Incidentally,  one can get threads support for MinGW using MSYS2, which 
gives:
Thread model: posix
gcc version 4.9.2 (Rev5, Built by MSYS2 project)

However, the MinGW that comes with Rtools uses the following:
Thread model: win32
gcc version 4.9.2 (GCC)

I presume there must be a reason for that. There are certainly 
trade-offs present: 
https://wiki.qt.io/MinGW-64-bit#GCC_Threading_model_.28posix_vs_win32.29
What hits us here is the "no C++11 <thread>, <mutex>, or <future> " 
("C11" appears to be a typo) part for the win32 choice.
// See also: 
https://stackoverflow.com/questions/17242516/mingw-w64-threads-posix-vs-win32

Note that there's nothing multithreading-specific about the library, so 
even though I've also tested it with 
https://github.com/meganz/mingw-std-threads (warning: just something 
I've ran across while searching for multithreading support for MinGW 
built w/ win32 threading model, quality and license unknown) and also 
made it compile & work after a small patch (adding the std::hash 
specialization), it's probably possible to use another source of entropy 
here.

I presume another idea would be to use a different GCC version, but 
that's rather tedious -- 
https://stackoverflow.com/questions/25455829/using-a-different-gcc-version-from-that-included-with-rtools-with-rcpp-on-window
Other than the above, I'm wondering myself what's the "official" 
recommendation for the C++11 threading support w/ Rcpp on Windows.

Best,

Matt
#
Hi Matt,

Thanks a lot for the details and the work.
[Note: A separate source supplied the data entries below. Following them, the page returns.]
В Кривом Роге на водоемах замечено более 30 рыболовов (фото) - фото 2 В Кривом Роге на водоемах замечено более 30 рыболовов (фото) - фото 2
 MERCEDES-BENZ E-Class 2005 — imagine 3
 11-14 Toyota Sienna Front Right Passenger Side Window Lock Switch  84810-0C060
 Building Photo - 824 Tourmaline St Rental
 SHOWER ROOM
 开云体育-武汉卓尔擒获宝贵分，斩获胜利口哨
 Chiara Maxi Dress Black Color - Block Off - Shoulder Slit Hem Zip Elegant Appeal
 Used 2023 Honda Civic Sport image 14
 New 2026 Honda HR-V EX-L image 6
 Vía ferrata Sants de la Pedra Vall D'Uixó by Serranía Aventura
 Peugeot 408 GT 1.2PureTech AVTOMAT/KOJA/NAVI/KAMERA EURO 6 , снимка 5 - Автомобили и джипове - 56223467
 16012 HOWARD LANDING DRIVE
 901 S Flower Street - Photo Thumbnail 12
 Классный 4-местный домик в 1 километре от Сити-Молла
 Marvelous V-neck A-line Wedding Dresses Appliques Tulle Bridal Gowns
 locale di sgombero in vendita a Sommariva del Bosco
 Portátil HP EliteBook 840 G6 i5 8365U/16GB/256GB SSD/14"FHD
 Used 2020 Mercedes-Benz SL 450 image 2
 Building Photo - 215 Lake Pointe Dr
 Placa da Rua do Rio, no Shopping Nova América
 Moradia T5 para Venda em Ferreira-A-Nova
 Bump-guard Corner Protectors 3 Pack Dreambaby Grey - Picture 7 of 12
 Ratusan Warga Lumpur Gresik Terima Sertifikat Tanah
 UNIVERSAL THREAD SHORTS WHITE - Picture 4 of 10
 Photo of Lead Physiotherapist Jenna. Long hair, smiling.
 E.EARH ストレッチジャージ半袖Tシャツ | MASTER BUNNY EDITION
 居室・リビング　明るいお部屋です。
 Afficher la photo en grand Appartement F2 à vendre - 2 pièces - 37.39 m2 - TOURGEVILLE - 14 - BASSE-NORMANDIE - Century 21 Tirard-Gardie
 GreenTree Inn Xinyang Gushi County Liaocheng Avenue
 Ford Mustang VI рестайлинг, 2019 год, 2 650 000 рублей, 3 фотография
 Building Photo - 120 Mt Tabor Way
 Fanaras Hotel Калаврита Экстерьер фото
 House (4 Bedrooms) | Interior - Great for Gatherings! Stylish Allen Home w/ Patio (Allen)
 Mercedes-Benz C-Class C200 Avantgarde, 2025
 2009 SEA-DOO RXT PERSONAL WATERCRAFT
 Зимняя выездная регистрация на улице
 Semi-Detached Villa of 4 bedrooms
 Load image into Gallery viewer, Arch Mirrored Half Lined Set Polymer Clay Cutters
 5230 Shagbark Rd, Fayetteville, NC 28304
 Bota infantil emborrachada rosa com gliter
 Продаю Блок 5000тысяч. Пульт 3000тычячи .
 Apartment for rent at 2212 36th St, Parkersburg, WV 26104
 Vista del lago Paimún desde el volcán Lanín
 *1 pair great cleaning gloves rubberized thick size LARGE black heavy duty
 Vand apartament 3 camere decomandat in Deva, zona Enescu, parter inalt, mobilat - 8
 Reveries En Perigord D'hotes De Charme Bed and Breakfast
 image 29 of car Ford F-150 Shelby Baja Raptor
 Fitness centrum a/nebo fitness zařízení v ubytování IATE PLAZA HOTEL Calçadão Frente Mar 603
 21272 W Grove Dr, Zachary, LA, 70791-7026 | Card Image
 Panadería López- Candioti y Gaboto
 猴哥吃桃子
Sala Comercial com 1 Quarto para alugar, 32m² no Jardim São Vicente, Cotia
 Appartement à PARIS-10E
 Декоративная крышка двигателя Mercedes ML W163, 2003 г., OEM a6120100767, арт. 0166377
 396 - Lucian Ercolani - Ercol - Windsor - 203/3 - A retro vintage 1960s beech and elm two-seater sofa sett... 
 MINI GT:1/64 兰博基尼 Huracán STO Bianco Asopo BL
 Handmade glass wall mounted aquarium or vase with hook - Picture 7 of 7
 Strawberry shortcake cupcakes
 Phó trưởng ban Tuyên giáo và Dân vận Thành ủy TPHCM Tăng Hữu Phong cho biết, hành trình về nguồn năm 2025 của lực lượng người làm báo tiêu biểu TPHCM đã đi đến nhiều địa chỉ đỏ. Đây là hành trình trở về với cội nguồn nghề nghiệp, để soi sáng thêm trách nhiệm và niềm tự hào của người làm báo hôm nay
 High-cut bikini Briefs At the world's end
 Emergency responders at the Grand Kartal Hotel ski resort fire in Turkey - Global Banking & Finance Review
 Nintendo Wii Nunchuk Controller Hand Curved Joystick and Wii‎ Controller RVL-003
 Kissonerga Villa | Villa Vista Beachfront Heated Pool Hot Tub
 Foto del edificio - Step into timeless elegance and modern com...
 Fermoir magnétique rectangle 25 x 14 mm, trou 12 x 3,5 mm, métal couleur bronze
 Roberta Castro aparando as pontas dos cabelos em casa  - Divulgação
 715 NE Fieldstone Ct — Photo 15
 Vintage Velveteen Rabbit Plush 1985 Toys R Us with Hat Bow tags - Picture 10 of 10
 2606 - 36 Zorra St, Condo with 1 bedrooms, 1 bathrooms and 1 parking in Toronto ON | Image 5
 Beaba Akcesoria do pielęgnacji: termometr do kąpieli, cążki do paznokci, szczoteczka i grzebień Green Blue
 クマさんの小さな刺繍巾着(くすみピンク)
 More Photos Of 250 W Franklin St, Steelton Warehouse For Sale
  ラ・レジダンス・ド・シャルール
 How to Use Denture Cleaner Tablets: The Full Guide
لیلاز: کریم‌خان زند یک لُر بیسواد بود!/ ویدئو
That is great! There is a
problem, though: in my particular case, I am uploading my package to
BioConcutor, and there the compiler for Win is 4.6.3 so I am restricted to
that. Including randutils will lead to an error during building the package
in Windows.

Best,

R.
On Wed, 24-06-2015, at 14:55, Matt D. <matdzb at gmail.com> wrote:

  
    
#
On 6/24/2015 15:07, Ramon Diaz-Uriarte wrote:
Yeah, in this case I think replacing the source of entropy with 
something else may be the compromise choice (it's a range eventually 
passed to `mix_entropy`, so I'd investigate the effects on that).
That all being in the meantime / while waiting for the toolchain to 
catch up, of course...

Best,

Matt
#
On Wed, 24-06-2015, at 15:22, Matt D. <matdzb at gmail.com> wrote:
But I wonder if it is worth the effort.